*INFORMATION PROVIDED*:
####

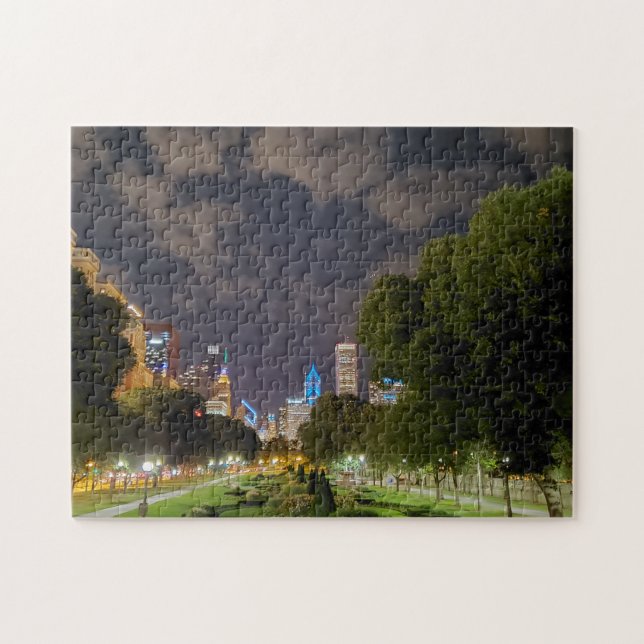 Chicago beim nächtlichen Rätsel Puzzle (Horizontal)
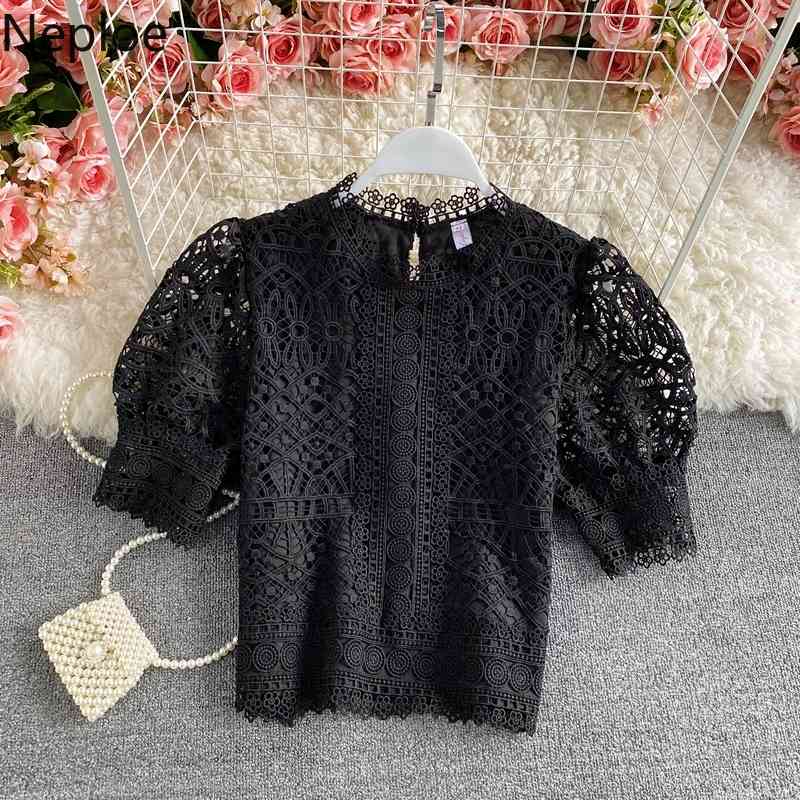 Neploe Blusas Mujer De Moda Vintage Puff Sleeve Blouses Hollow Out Crochet Floral Crop Tops Korean Summer Elegant Shirts 210422
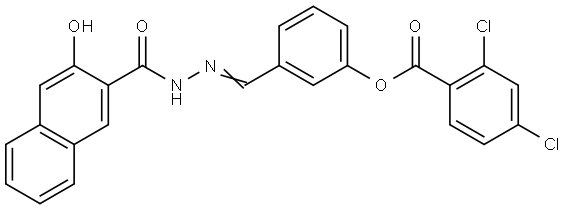 3-(2-(3-HYDROXY-2-NAPHTHOYL)CARBOHYDRAZONOYL)PHENYL 2,4-DICHLOROBENZOATE Struktur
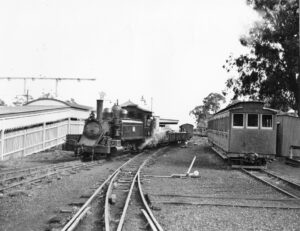 At Upper Fern Tree Gully the electric, broad-gauge trains finished (left side of station) and the narrow-gauge ones took over to Gembrook. A broad-gauge line to Belgrave was built in the early 1960s [Courtesy Puffing Billy Preservation Society]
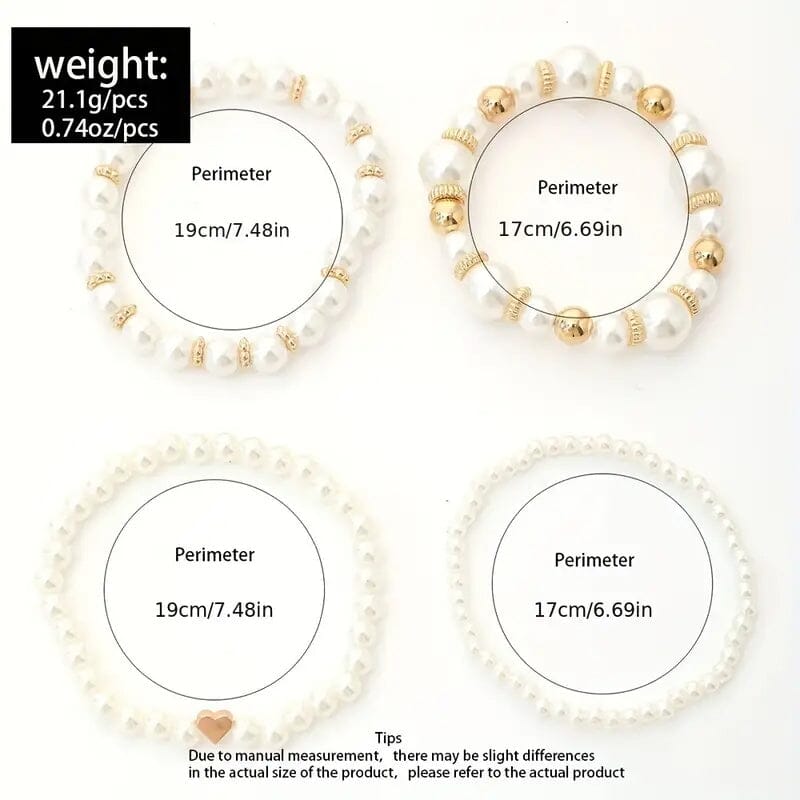 4-Pieces: Elegant White Faux Pearls Beaded Handmade Hand String Jewelry Set Cheap Cost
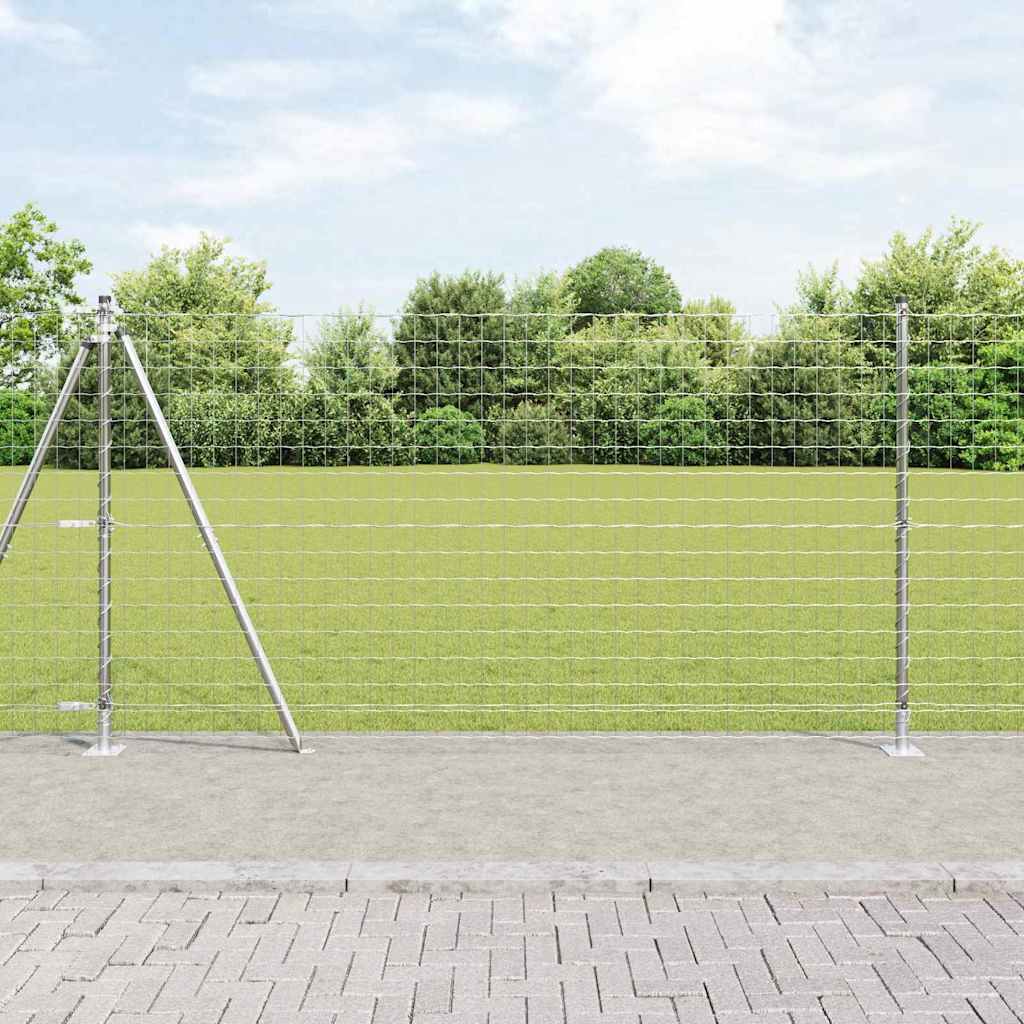 Ograda s postovima Srebrno 1,2 x 10 m Čelik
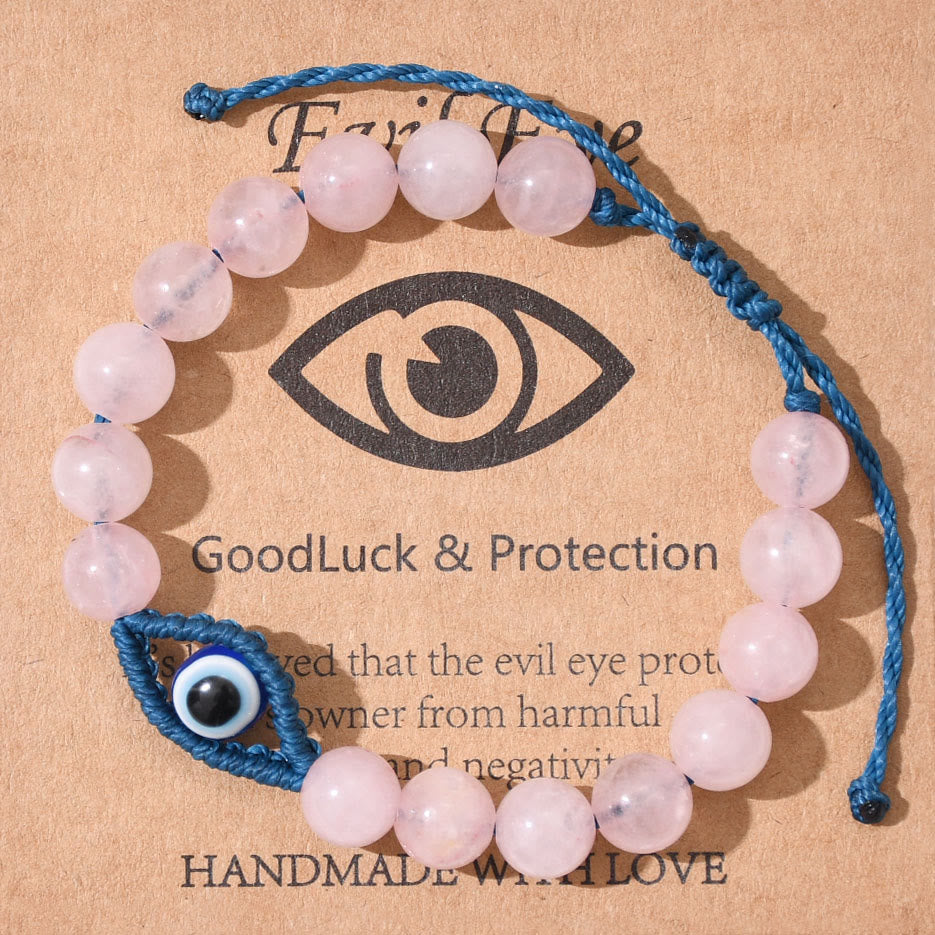 Olivenorma Evil Eye Good Luck & Protection Crystal Braided Bracelet - Rose Quartz - image 12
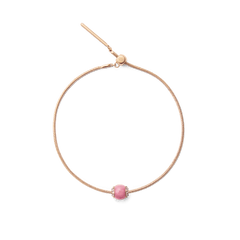Rose gold bracelet with an adjustable clasp, featuring a central rhodonite crystal orb charm accented by sparkling Preciosa crystals.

####

*WORK ITEM*:
The copy must include every record exactly and none of the pictures.

*ANSWER TO THE PROBLEM*:
 Chicago beim nächtlichen Rätsel Puzzle (Horizontal)
 Neploe Blusas Mujer De Moda Vintage Puff Sleeve Blouses Hollow Out Crochet Floral Crop Tops Korean Summer Elegant Shirts 210422
 3-(2-(3-HYDROXY-2-NAPHTHOYL)CARBOHYDRAZONOYL)PHENYL 2,4-DICHLOROBENZOATE Struktur
 At Upper Fern Tree Gully the electric, broad-gauge trains finished (left side of station) and the narrow-gauge ones took over to Gembrook. A broad-gauge line to Belgrave was built in the early 1960s [Courtesy Puffing Billy Preservation Society]
 4-Pieces: Elegant White Faux Pearls Beaded Handmade Hand String Jewelry Set Cheap Cost
 Ograda s postovima Srebrno 1,2 x 10 m Čelik
 Olivenorma Evil Eye Good Luck & Protection Crystal Braided Bracelet - Rose Quartz - image 12
Rose gold bracelet with an adjustable clasp, featuring a central rhodonite crystal orb charm accented by sparkling Preciosa crystals.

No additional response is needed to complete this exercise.